MASERU — Students at the Lesotho Co-operatives College boycotted classes on Friday complaining that the rector booked the school’s sporting facilities for the Moafrika Cultural Festival on a date they had scheduled for their interuniversity games.
Students complained that the rector, ’Malijane Kaloko, was aware that on March 10 -13 the college would host the interuniversity games but she decided to book the facilities for the Moafrika Cultural Festival on the same dates.
What angered the students more were allegations that Moafrika FM owner, Ratabane Ramainoane’s political connections had influenced Kaloko’s decision.

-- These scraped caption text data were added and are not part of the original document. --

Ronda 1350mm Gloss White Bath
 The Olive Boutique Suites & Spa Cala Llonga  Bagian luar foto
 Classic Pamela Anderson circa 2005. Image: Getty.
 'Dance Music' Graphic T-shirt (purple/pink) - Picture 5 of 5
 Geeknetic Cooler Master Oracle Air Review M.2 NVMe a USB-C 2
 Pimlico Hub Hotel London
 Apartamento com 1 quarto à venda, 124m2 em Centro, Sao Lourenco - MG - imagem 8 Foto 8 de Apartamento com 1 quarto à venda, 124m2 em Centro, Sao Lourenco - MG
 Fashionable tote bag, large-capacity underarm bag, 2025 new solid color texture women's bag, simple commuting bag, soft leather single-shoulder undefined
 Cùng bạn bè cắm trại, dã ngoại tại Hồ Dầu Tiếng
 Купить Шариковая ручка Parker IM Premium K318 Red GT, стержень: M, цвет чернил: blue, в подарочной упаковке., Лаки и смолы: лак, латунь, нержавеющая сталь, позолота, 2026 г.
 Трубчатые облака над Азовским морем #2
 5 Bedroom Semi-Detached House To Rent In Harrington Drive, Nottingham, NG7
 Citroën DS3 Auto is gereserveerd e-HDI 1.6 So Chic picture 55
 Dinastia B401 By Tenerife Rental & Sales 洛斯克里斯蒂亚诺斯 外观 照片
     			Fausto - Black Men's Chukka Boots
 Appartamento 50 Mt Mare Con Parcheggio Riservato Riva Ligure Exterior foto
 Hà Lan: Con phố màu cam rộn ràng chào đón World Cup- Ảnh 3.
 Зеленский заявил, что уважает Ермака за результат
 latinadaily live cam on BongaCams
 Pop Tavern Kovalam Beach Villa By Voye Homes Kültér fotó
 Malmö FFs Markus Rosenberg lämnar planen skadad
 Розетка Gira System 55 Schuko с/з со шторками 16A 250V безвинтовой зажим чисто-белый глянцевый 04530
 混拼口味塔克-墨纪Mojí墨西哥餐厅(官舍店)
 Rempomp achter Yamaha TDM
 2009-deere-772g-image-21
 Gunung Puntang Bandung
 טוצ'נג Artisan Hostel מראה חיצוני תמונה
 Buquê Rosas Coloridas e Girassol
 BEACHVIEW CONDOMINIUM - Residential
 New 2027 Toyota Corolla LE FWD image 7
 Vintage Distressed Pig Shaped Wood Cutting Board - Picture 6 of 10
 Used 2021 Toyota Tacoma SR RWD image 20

Students who spoke to the Sunday Express on condition of anonymity said Kaloko announced at a meeting with the Student Representative Council (SRC) on Thursday that she had been instructed by the trade ministry principal secretary to book the grounds for Moafrika Cultural Festival.
The trade ministry runs the co-operatives’ college.
The students said the SRC was told that Ramainoane went to Trade Minister Leketekete Ketso’s office and also met principal secretary Teleko Ramots’oari who allegedly instructed Kaloko to avail the school grounds for the festival.
They said Kaloko also told them that Ramainoane came to her office accompanied by a man who introduced himself as a Member of Parliament.
The SRC spokesman, Seitlheko Mokhethi, confirmed that Kaloko said she was instructed by her bosses to book the playing facilities for Moafrika Cultural Festival.
“The director told the SRC that she had been instructed by her superiors to give the grounds to Moafrika,” Mokhethi said.
The SRC on Friday went to the commissioner of co-operatives, ’Maphamoli Lekoetje, who is Kaloko’s immediate boss, to complain.
Mokhethi said the SRC wanted Lekoetje to order Kaloko to reverse her decision.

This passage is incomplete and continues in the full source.